Engage Staff in Decision-Making
Involve your employees in your decision-making process. Discuss their benefits with them. Be honest and work out a benefits plan that suits both the organization as well as the employee. This will build in him a feeling of belonging that will lead to satisfaction.
Renegotiate Work Arrangement and Time-Off Policies
Flexible work plans and vacation policies are the most desired non-salary benefits. You can implement this in a number of ways such as offering flexible timings, work from home opportunities, and unpaid summer holidays for those who you can afford to give it to. But, make sure your management is able to maintain performance levels with this kind of flexible office environment.

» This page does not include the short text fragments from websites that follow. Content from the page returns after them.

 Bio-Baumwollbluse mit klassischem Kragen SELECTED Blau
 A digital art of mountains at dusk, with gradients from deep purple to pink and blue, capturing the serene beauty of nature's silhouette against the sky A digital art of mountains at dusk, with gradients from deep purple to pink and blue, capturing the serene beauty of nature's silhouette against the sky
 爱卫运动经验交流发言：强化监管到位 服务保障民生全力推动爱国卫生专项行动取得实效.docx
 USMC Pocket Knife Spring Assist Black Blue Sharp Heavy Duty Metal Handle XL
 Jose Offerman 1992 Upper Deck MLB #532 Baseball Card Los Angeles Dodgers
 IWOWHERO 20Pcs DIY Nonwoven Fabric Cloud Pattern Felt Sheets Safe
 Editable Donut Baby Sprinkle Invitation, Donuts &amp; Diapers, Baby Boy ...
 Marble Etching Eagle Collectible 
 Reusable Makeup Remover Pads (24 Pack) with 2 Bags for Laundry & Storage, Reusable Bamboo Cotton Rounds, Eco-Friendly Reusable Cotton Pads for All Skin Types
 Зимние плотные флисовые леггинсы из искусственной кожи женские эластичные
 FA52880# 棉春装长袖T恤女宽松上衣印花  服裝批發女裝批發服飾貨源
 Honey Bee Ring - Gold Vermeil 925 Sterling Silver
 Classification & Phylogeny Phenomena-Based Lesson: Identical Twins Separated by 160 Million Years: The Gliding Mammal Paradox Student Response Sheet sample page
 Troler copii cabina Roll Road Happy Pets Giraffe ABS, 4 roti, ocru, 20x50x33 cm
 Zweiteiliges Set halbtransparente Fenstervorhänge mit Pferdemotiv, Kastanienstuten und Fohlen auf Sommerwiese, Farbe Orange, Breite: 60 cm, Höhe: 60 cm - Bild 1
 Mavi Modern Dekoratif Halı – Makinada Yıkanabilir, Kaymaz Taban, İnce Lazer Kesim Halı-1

Work with Brokers on Health Insurance
Though many non-profits work with large agencies directly, it is often more cost-effective to work with certified and trained brokers. Identify a good broker who can help you to compare benefit plans and provide you with a better plan by just negotiating with two or more companies. In difficult times, employers often ask employees to help shoulder the burden to ensure long-term job stability. This could mean removing vision, or shifting a bigger part of the cost on to the employees. These measures are never easy to implement, but most people would prefer that their benefits be reduced as long as they get to keep the rest of the paycheck with them.
Online resources such as the IRS website can offer good tips to help offer flexible and creative benefits that show your employee that you value his contribution while keeping your organization open to job seekers.